- _Exercise data_:

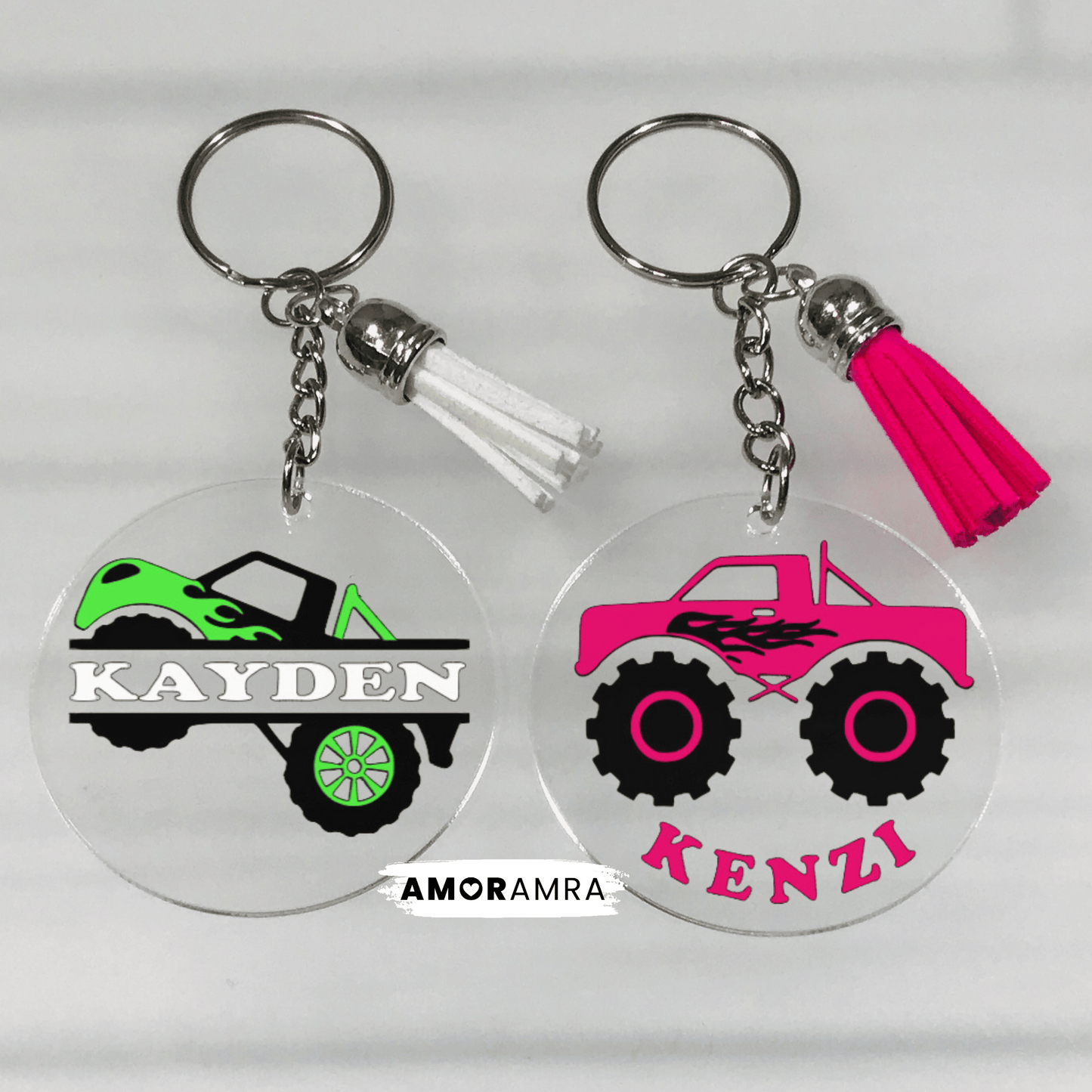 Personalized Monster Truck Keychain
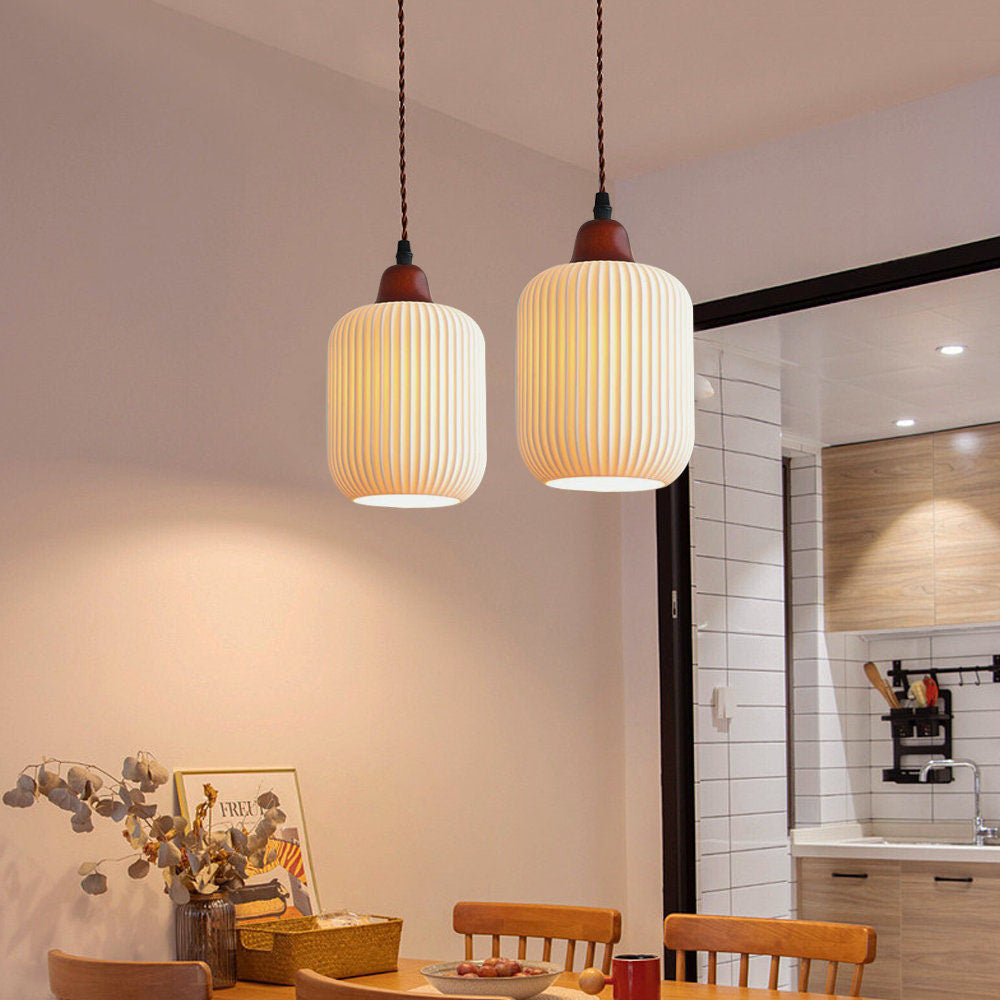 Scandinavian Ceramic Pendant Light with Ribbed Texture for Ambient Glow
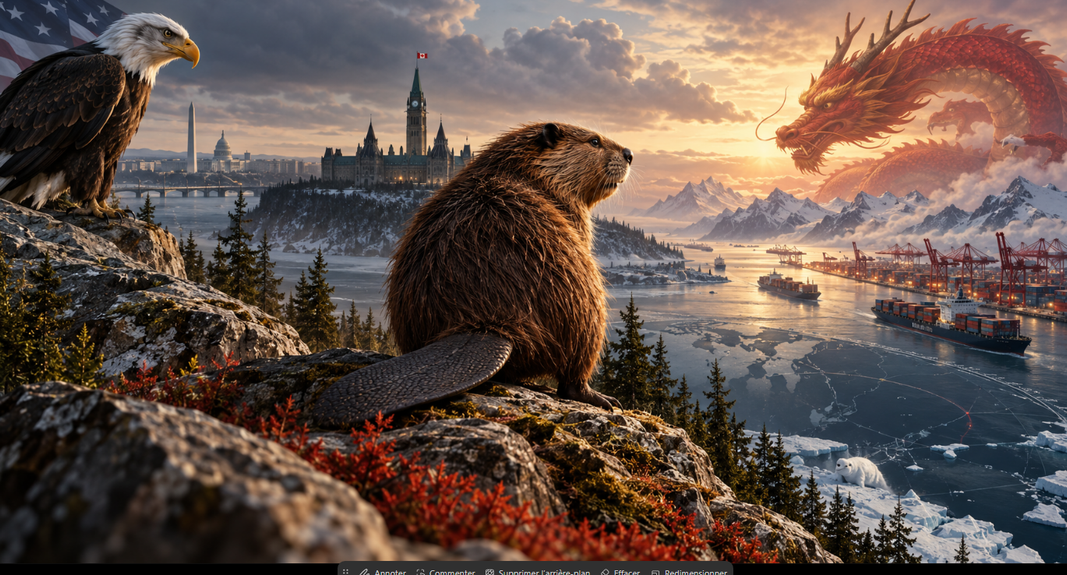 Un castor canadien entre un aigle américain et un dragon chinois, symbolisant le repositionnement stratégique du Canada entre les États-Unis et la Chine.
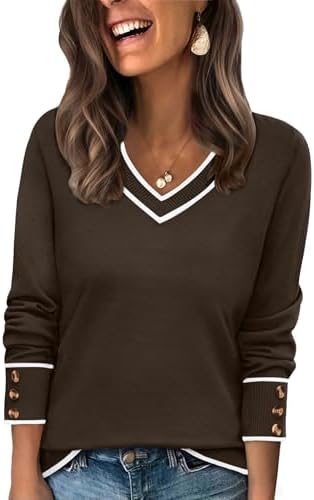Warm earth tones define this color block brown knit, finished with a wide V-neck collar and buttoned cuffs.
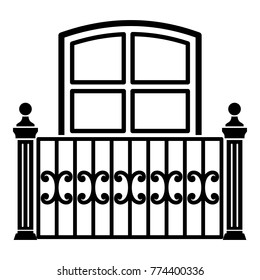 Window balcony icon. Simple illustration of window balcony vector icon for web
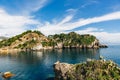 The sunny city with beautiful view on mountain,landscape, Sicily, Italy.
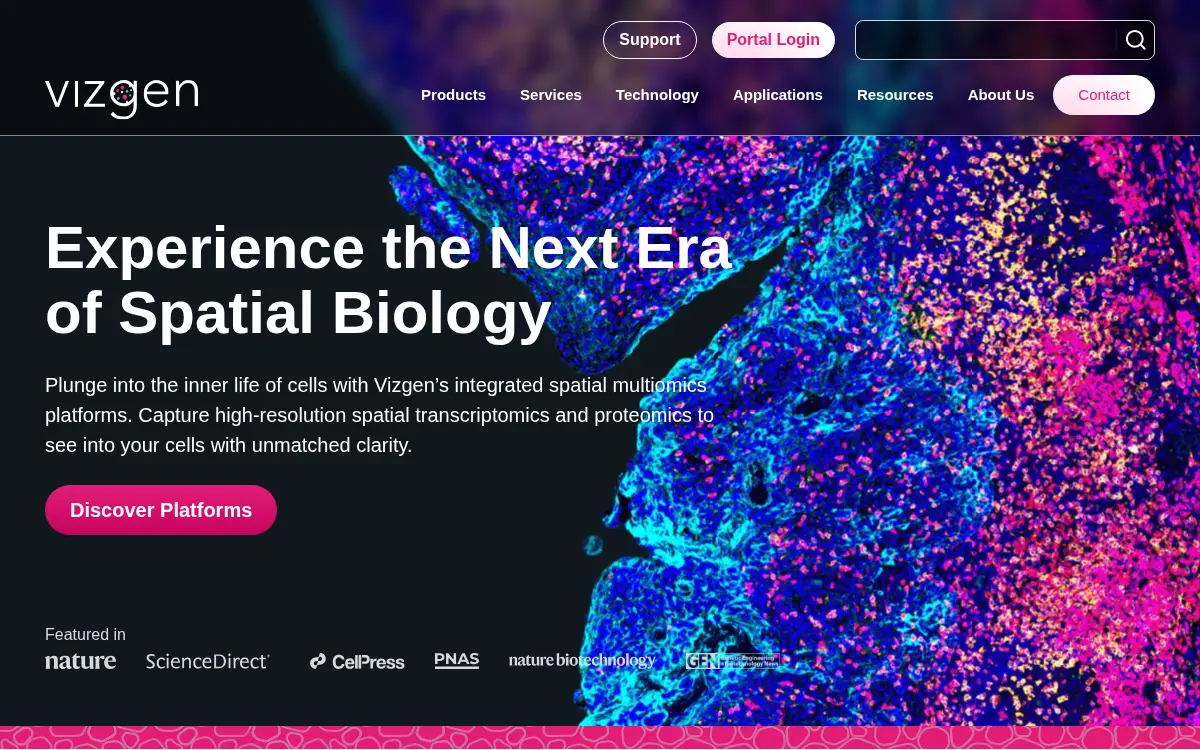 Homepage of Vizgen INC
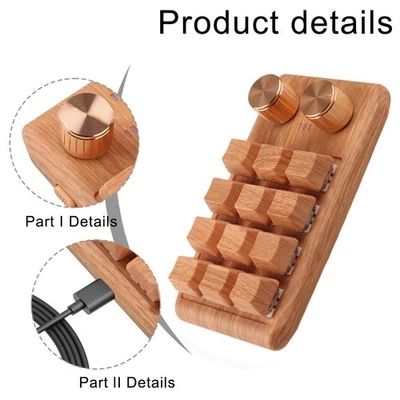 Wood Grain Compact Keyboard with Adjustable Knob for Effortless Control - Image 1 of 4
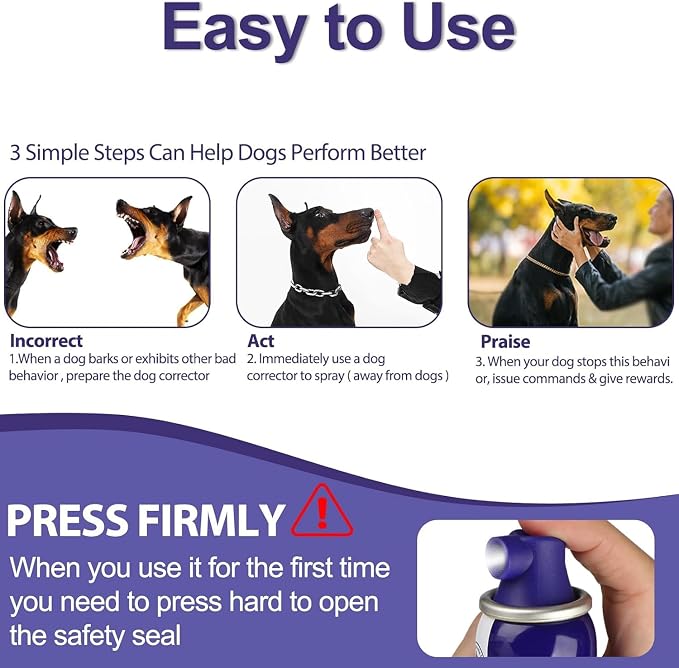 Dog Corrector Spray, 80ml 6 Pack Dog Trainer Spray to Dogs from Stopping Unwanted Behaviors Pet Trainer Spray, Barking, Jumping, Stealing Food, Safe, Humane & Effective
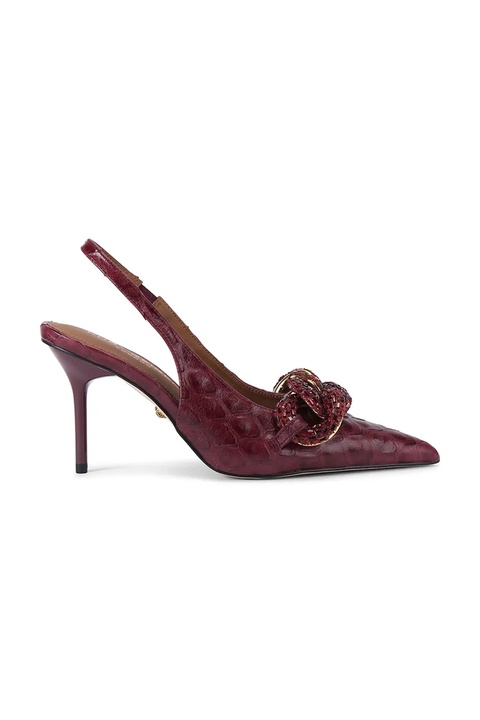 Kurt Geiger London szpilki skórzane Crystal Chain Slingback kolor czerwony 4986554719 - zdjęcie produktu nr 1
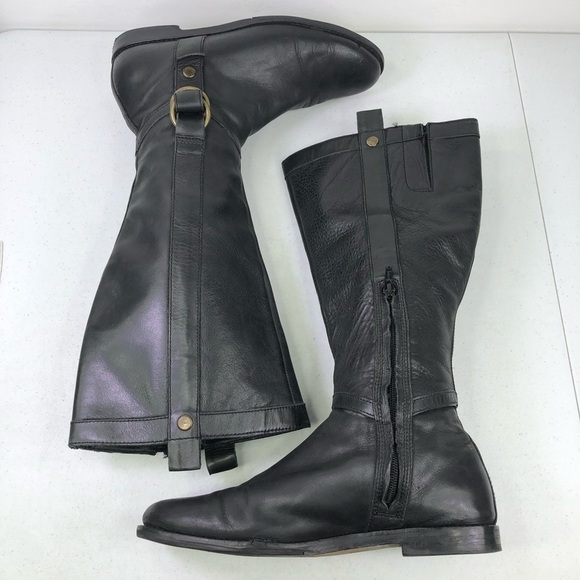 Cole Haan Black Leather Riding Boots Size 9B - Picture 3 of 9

- _Work order_:
What is needed here is an exact copy of the lines from the line containing "Warm earth tones" through the end of the records, with every picture left out.

- _Output_:
Warm earth tones define this color block brown knit, finished with a wide V-neck collar and buttoned cuffs.
 Window balcony icon. Simple illustration of window balcony vector icon for web
 The sunny city with beautiful view on mountain,landscape, Sicily, Italy.
 Homepage of Vizgen INC
 Wood Grain Compact Keyboard with Adjustable Knob for Effortless Control - Image 1 of 4
 Dog Corrector Spray, 80ml 6 Pack Dog Trainer Spray to Dogs from Stopping Unwanted Behaviors Pet Trainer Spray, Barking, Jumping, Stealing Food, Safe, Humane & Effective
 Kurt Geiger London szpilki skórzane Crystal Chain Slingback kolor czerwony 4986554719 - zdjęcie produktu nr 1
 Cole Haan Black Leather Riding Boots Size 9B - Picture 3 of 9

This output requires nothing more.